The outlook for 2018/19? The ongoing Brexit negotiations continue to undermine economic growth. At the time of writing it is unclear what kind of Brexit the UK will experience. It is also uncertain if a further referendum or general election is on the horizon. Other factors of equal or greater importance are also at play – the end of the current market cycle is upon us and the market faces structural shifts resulting from technological advances and changes in the way people work. Although the UK real estate market continues to face a number of challenges, there are opportunities in the year ahead.

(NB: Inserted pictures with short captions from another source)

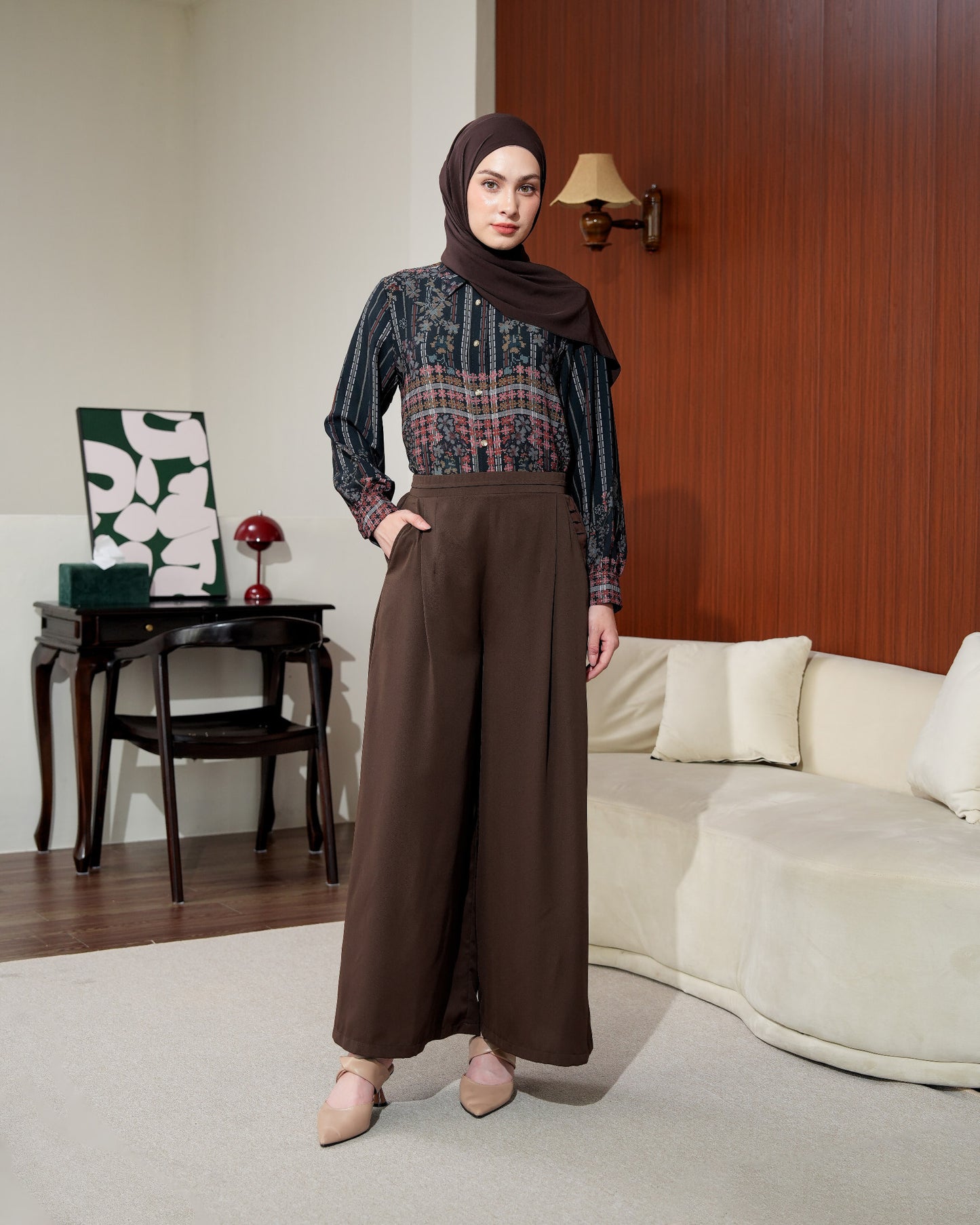 Althea Culottes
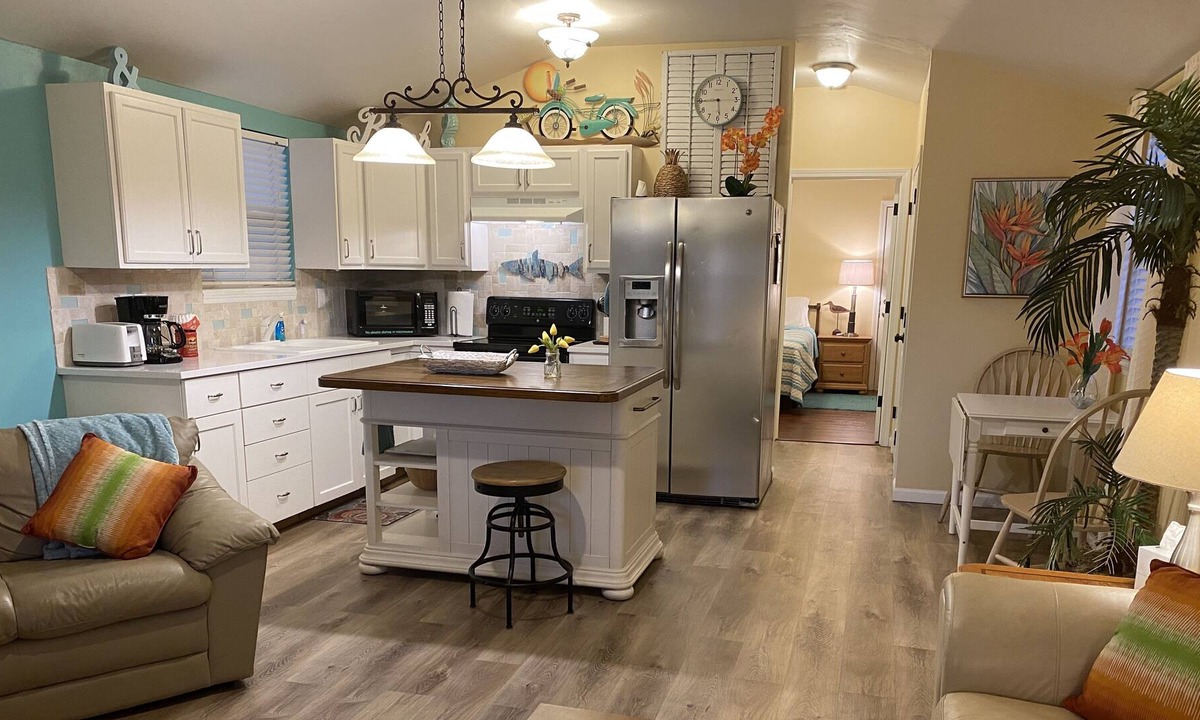Ferris House | Country Cabin 1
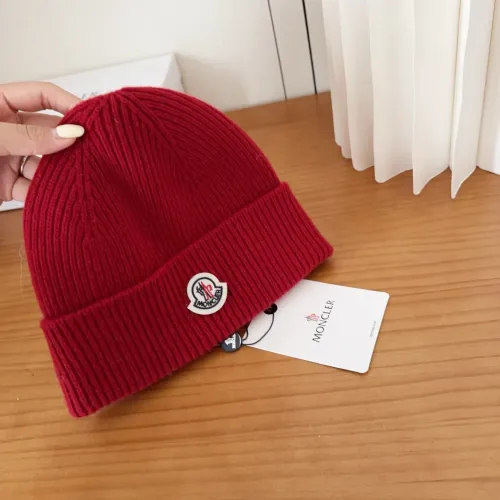 Replica Moncler Caps #1396908 $32.00 USD for Wholesale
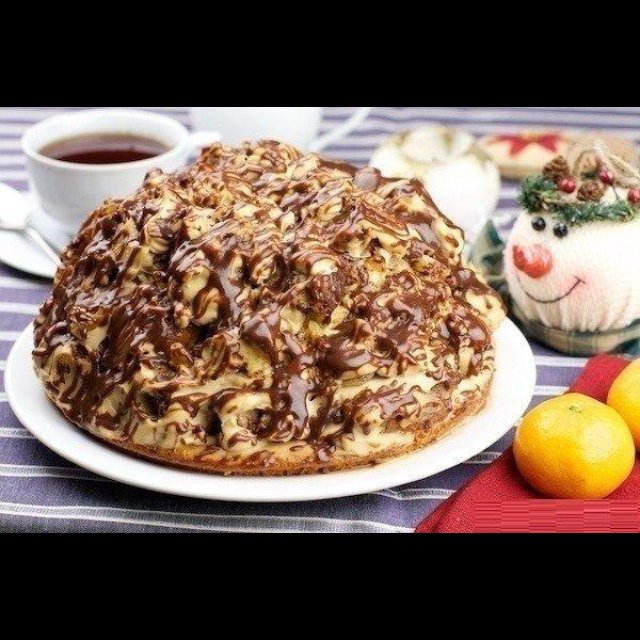 🍰Очень вкусный торт – created on the CHEF CHEF app for iOS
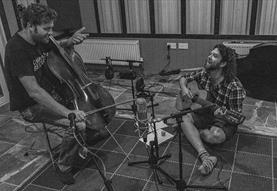 Toby Hay & Aidan Thorne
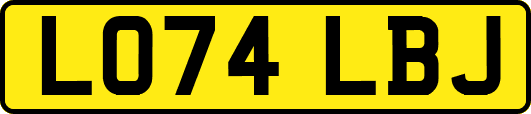 LO74LBJ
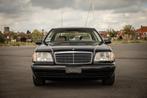 Mercedes-Benz S-klasse 320 (231pk) W140 | Der Kathedral | S3, Gebruikt, Beige, Zwart, Bedrijf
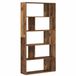 vidaXL Boekenkast 80 x 24 x 159 cm bewerkt hout oud hout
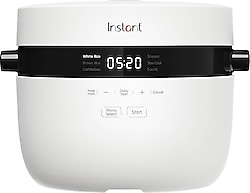 Instant Pot Rice Cooker 5 lt Buharlı Pişirici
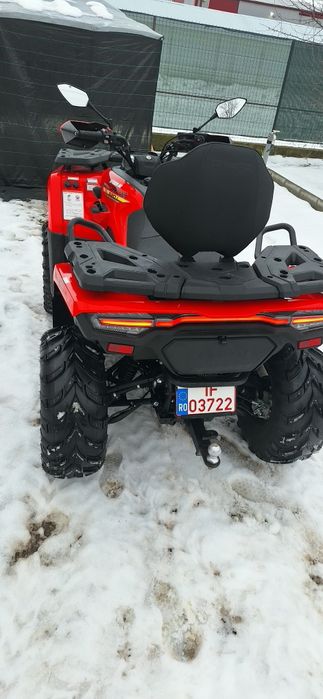 De vanzare cfmoto 520L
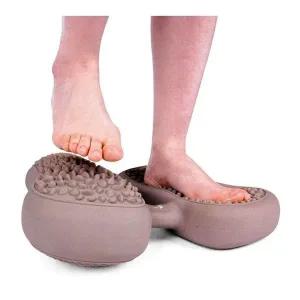 [골드스마일]층간소음 방지 소프트 에어 마사지 지압 스텝퍼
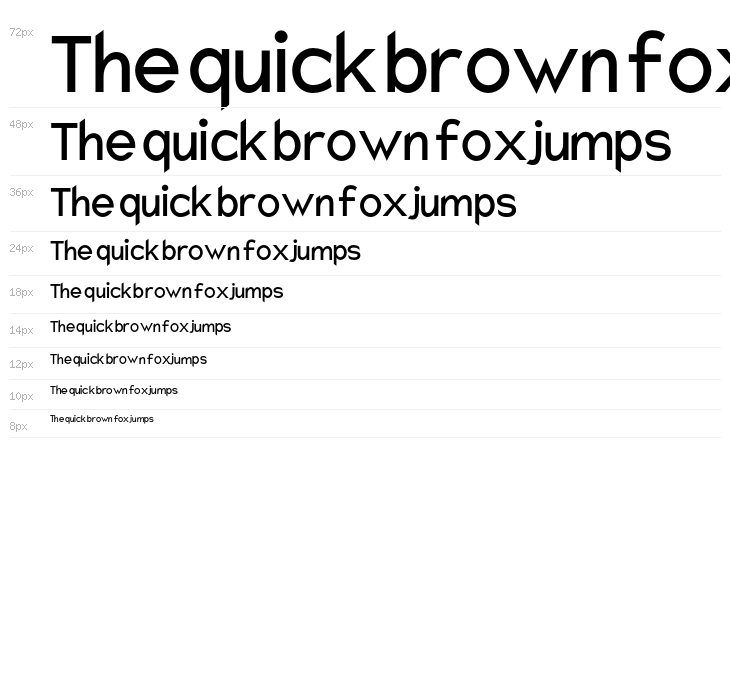 Charger Sport SemiBold Narrow Waterfall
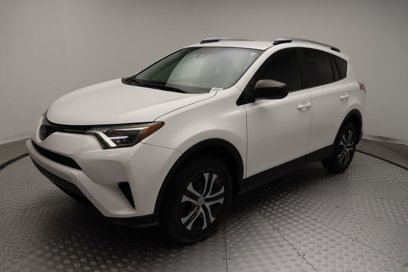 Certified 2018 Toyota RAV4 LE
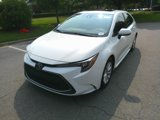 Used 2021 Toyota Corolla XLE image 5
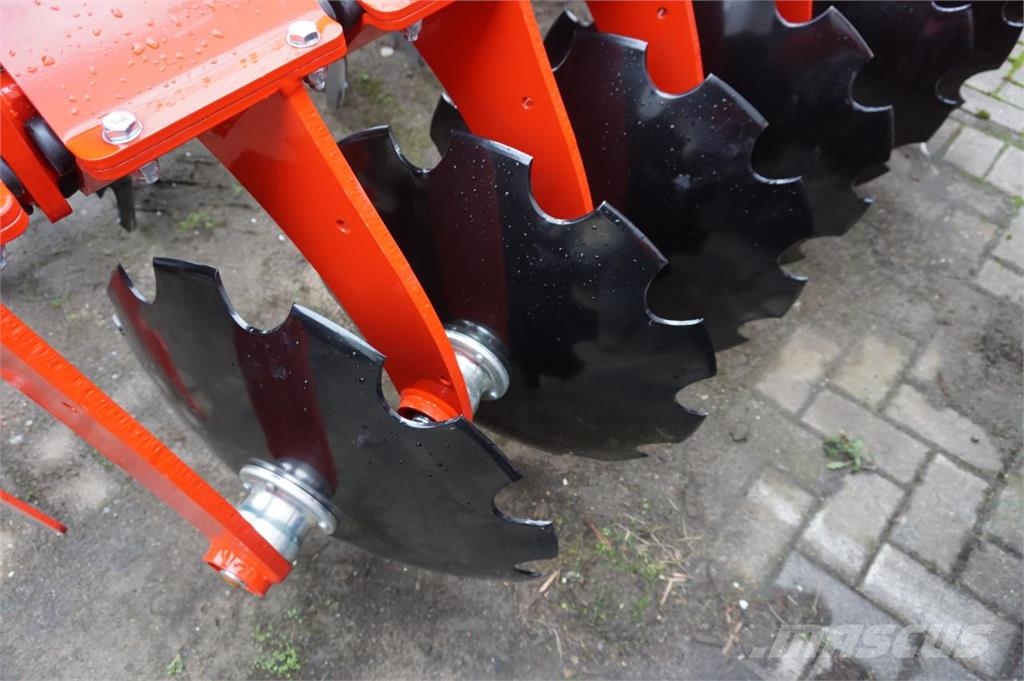 Ziegler Disc Master Pro 3002 NEU Disc harrows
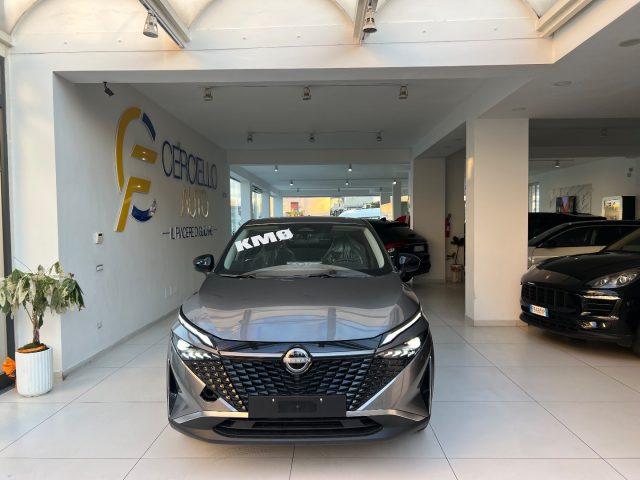NISSAN Qashqai MHEV 140 CV Acenta TUA A 289,00 MENSILI ANT.0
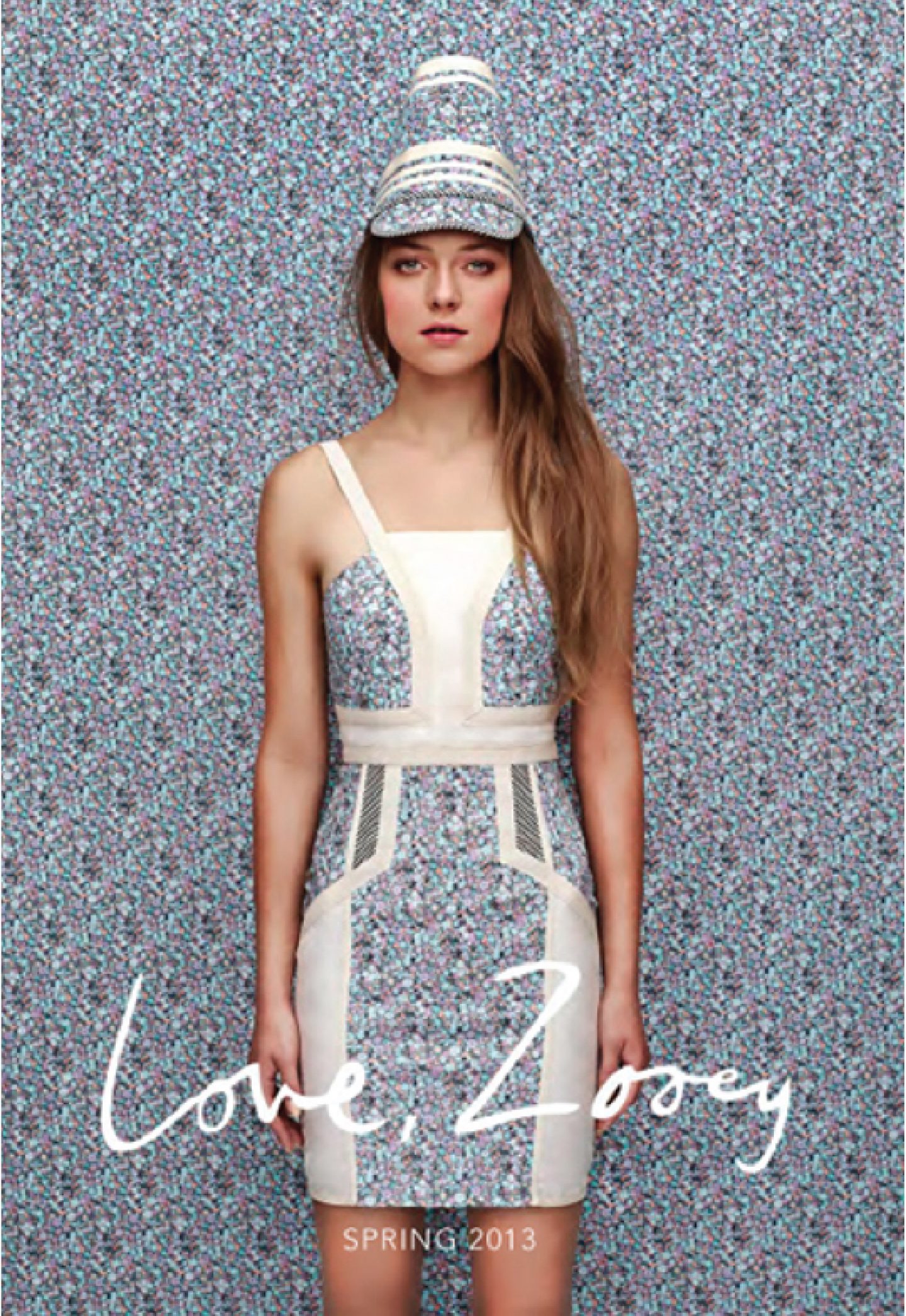 Love, Zooey – Spring Summer 2013 Collection Preview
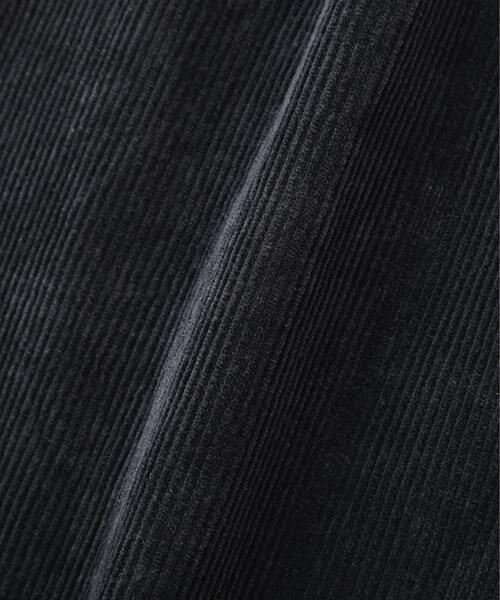 YLEVE（イレーヴ）の「YLEVE / [UNISEX] SULFUR-DYED BLEACHED CORDUROY PANTS（その他パンツ・メンズ・ブラウン/ネイビー・3/0/2/1/4）」の20枚目の写真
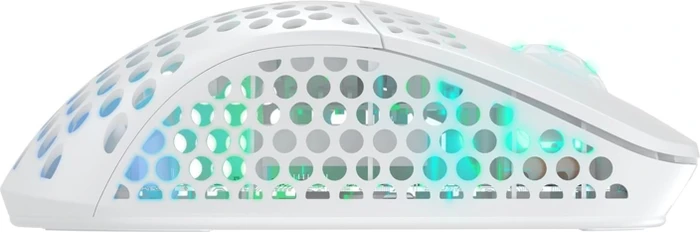 Xtrfy M4 RGB Wireless weiß, USB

The UK real estate market remains attractive to domestic and overseas investors. In the investment market, the move to prime stock continues, with 2018 witnessing the sale of 5 Broadgate for £1 billion and the acquisition of 14 Cabot Square in Canary Wharf for £460 million. Although the pound may have recovered, overseas investors from Asia (especially Korea and to a continuing degree China) are still attracted to the UK market. However, the consensus appears to be that investment activity will remain steady but unspectacular in 2018/19. One of the issues that faced investors (especially domestic ones) in 2017 remains – although debt and equity are available, demand outstrips supply and pricing expectations flow from that. It is possible that 2019 may see a softening in pricing expectations, especially if economic growth stalls further, if there are increases in inflation or interest rates, or if overseas interest cools. Investors may also need to become more inventive in pricing and/or how they structure transactions. Although the Hammerson/Intu merger collapsed in early 2018, will 2018/19 witness a major merger or takeover in the market (given that NAVs are trading at a discount)? As for overseas investors, the scope and full impact of the Finance Bill 2019 and the requirement for overseas investors to pay capital gains tax on disposals of UK property and property rich entities remains to be seen.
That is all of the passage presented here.